当面の生活の為に就職活動をしなくてはならない私は仕事を求めて向かった先は。
「ここがハローワークですね」
世間の皆様は職業ギルドと呼ばれているそうです。
髪型、服装、そして眼鏡も完璧です。
「何としても面接で審査員の心を掴まなくては」
しかし、新鮮ですね。
前世では大学を卒業して以来でしょうか。
「このように緊張するのは何時以来でしょう!ですが、気合で負けては行けません!いざ出陣!」
ドアノブに手を伸ばそうとすると。
「この俺を誰だと思ってやがる!」
中に入ろうとしたら怒鳴り声が聞こえたました。
「この俺が採用されなくて何でその女が採用何だよ!」
床に散らばる書類の山に散乱したカップの破片。
「どうかお止めください。彼女は三年以上の下積みがりますし…ここで見習いを」
「茶を淹れたり掃除しかしてない地味な仕事しかできない女なんて一生小間使いにしてればいいだろうが!こんな女に職員をさせて俺が選ばれないなんてありえねぇ!」
どうやら採用を断られて怒っているのでしょうね。
随分と乱暴な方ですが、中途採用や定年退職して再就職を試みた方には時折困った方がいましたが。
随分と上から目線ですね。
「失礼ですが、貴方は仕事を求めていらしたのでしょうか?それとも暴れに来たのでしょうか」
「ああ?何だお前」
「差し出がましい事を申し上げて誠に申し訳ありません。ですが、先ほどからそちらの女性を蔑むような言動が気になりまして…受付嬢さん、彼女はこちらでずっとお仕事をされていたのでしょうか?」
「はっ…はい。彼女は三年前からギルド職員を希望していたのですが、不採用となったのです。そこで掃除やお茶の用意に事務作業と言った雑務を任せていたのです」
「なるほど…」
三年の月日は短いようで長いものです。
ギルド職員の採用は難しかったけれど、別の職業を紹介されたのですね。
「ギルド職員は筆記試験と実技試験がお請われ、今年にようやく彼女は採用を認められたのです。
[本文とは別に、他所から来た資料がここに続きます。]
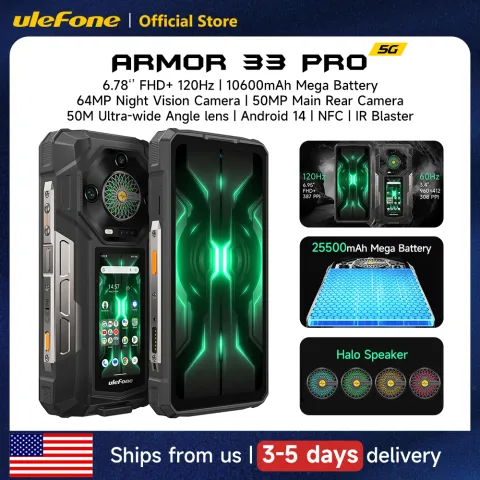 Ulefone Armor 33 Pro 5G Rugged Phone 25500 mAh 512GB ROM 120Hz 6.59"3.4" Rear Screen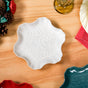 Set Of 3 Snowflake Ceramic Snack Plates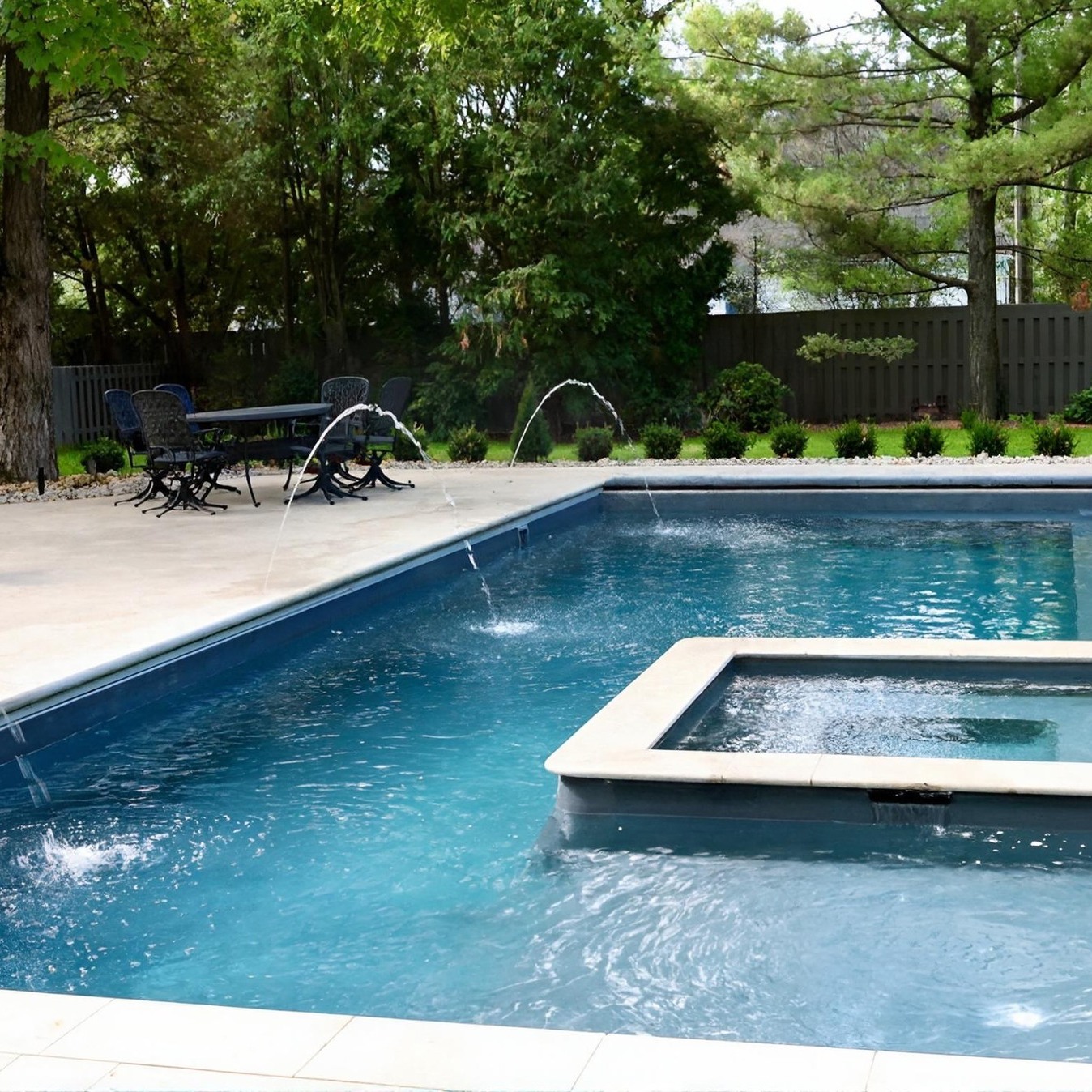 Pool with attached spa and water jets in Ohio backyard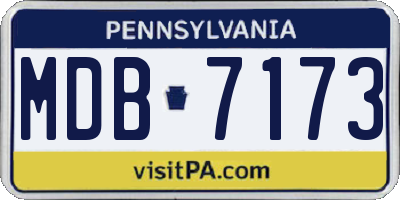 PA license plate MDB7173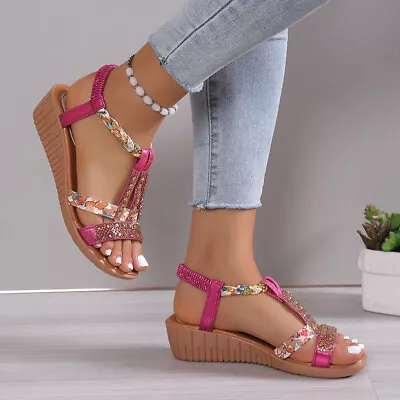 Womens Strappy Sandals Elastic Comfy Ladies Summer Open Toes Bling Shoes Size • £10.88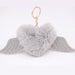 Wholesale Alloy Imitation Rex Rabbit Fur Heart Shaped Wings Fur Ball Pom Pom Keychain JDC-KC-Zuge015 Keychains 祖格 Wholesale Jewelry JoyasDeChina Joyas De China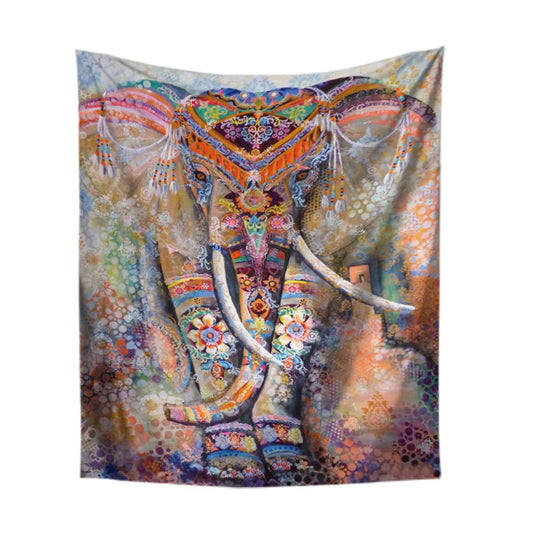 Vibrant multicolor tapestry featuring an ornate, abstract elephant design in a European classical style, made of plush polyester. - Image 2
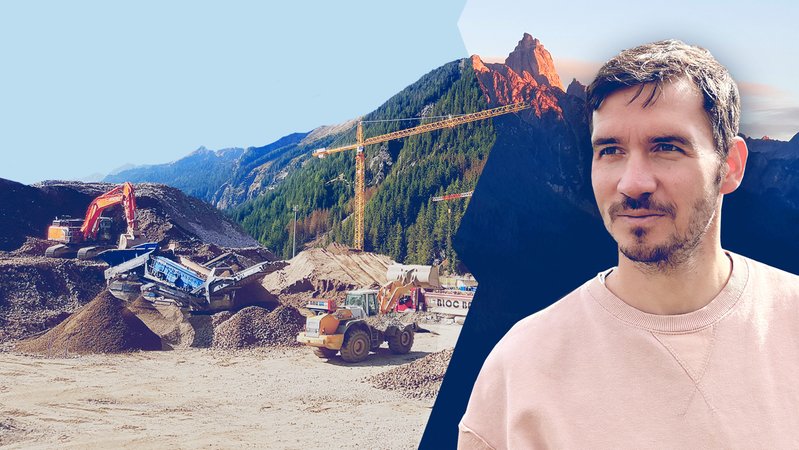 Felix Neureuther steht vor im Bild zweigeteilten Bergpanorama: einmal vor idyllischer Bergspitze im Sonnenuntergang, einmal vor Großbaustelle in den Bergen. | Bild: BR/Robert Grantner, BR/Georg Bayerle; Montage: BR Felix Neureuther steht vor im Bild zweigeteilten Bergpanorama: einmal vor idyllischer Bergspitze im Sonnenuntergang, einmal vor Großbaustelle in den Bergen.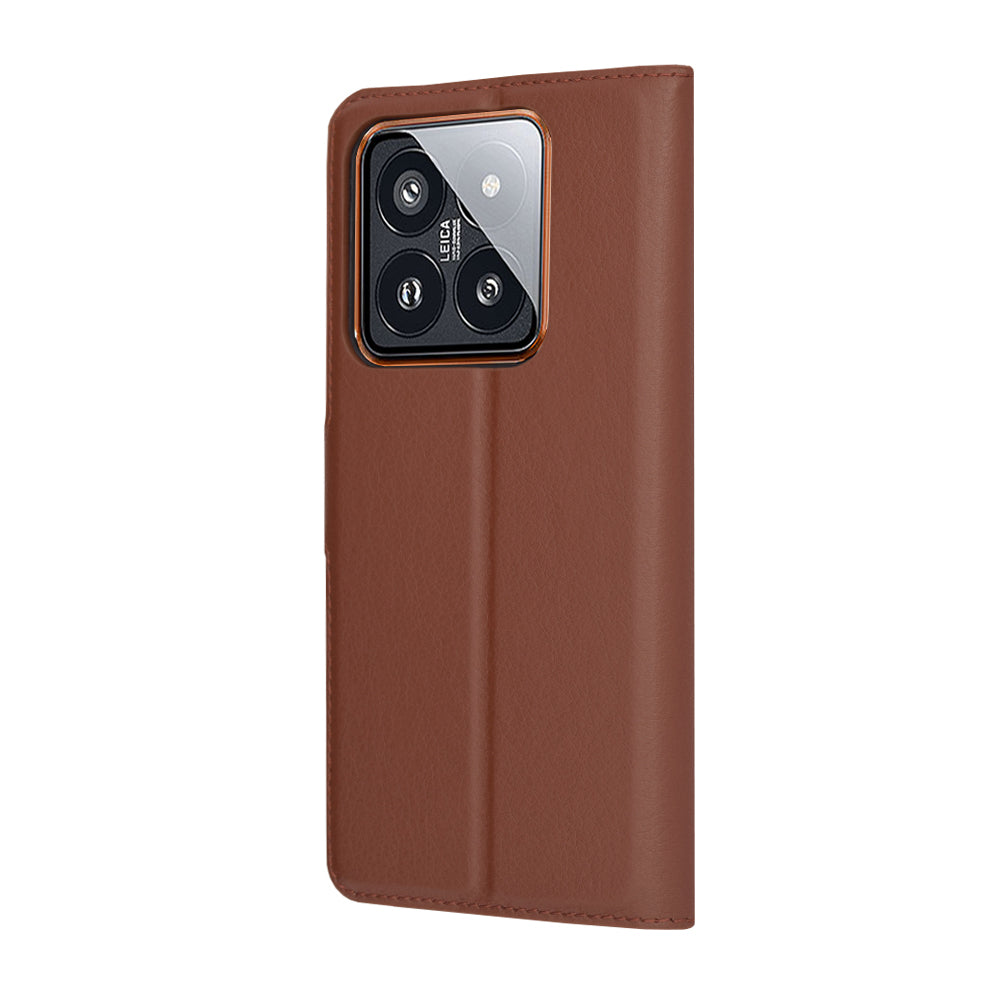 Husa de protectie Techsuit Leather Folio compatibil cu Xiaomi 14 Pro, Maro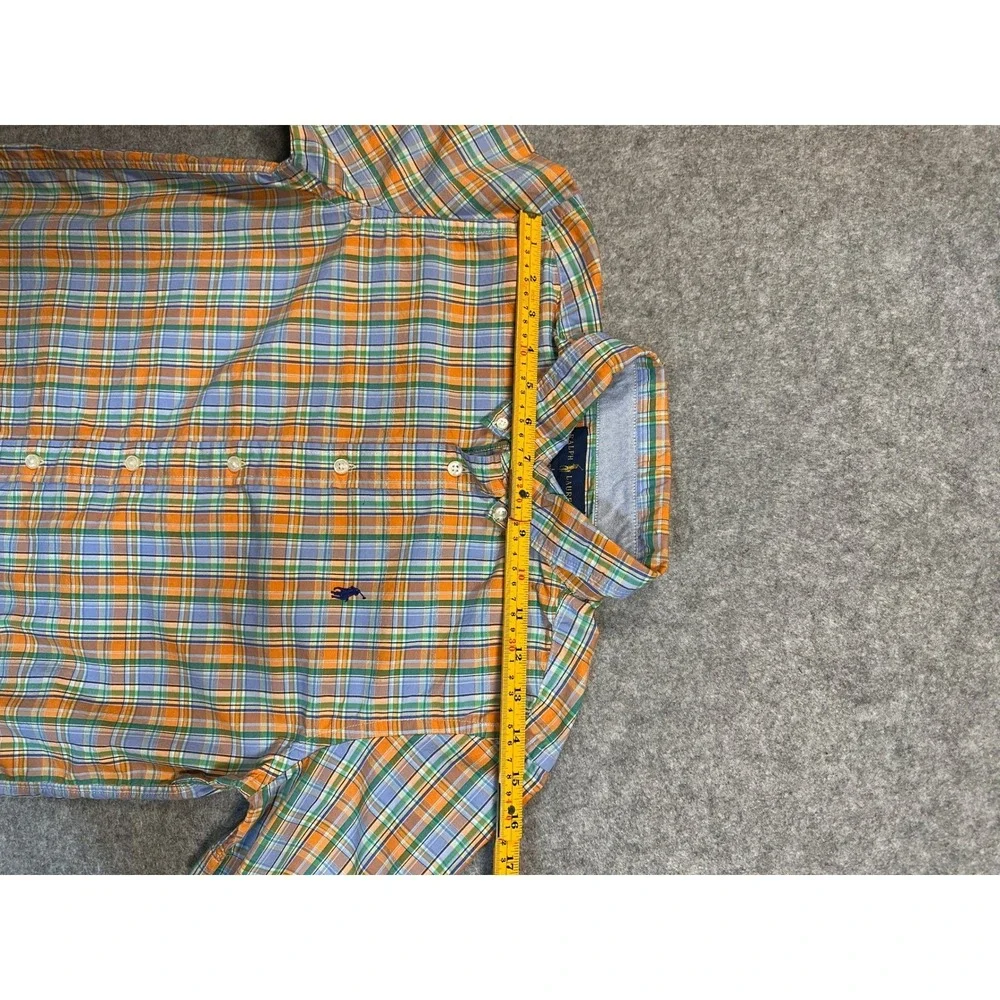 Ralph‎ Lauren Plaid Button Down Shirt Boys L 14-16 Orange Blue Green Cotton Pony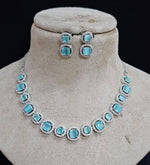 Bollywood Inspired AD Necklace Set with CZ Stones for Indian Wedding Engagement and Bridal Wear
なのにそちらの方が」
「俺が不採用なんておかしいだろ!この女が不正をしたに違いねぇ!じゃなきゃ俺が採用されないはずがねぇ!」
「失礼ですが、採用を決めるのは雇う側であり貴方が決める事ではありません。そんなにギルド職員になりたいならもう一度再選するべきです。何より女性だから差別するような方をギルド職員にしては女性が仕事を探すのに相談できなくなります」
「ああ?女が外で仕事する事態間違いなんだよ!女は家で大人しくするか店で男の機嫌を取ってりゃいいんだよ!」
「随分と乱暴な物言いですね。ここにいる女性すべての侮辱に値します。即刻この場で謝罪を要求します」
いかなる時も冷静であるべきですが、彼の言い分はあまりにも乱暴です。
「貴方は一人で生まれて来たとお思いで?貴女はお母様のお腹から生まれ、育てられてきた…一人で大きくなったとお思いですか。今すぐ女性を侮辱し蔑む発言を撤回し、正座して反省文を100枚書きなさい」
「「「は?」」」
「本来ならば謝罪して始末書を書かせたいのですが…後は調度品を壊した弁償もしていただかなくては」
「ふざけんな!」
乱暴にも私の胸倉を掴んで来ますがこの程度で怯んでは営業のプロの名が廃ります。
「私は常に真剣勝負、真面目に真剣に真っ当に生きております」
「意味わからねぇわ!」
「ならば代理人を立てて講義いたしましょう。警察…いえ、警備隊を呼んでくださいますか?」
「えっ…はい!」
「とことん話し合いましょう」
こうなっては長期戦に持ち込み話し合いをした後にお説教をしなくては!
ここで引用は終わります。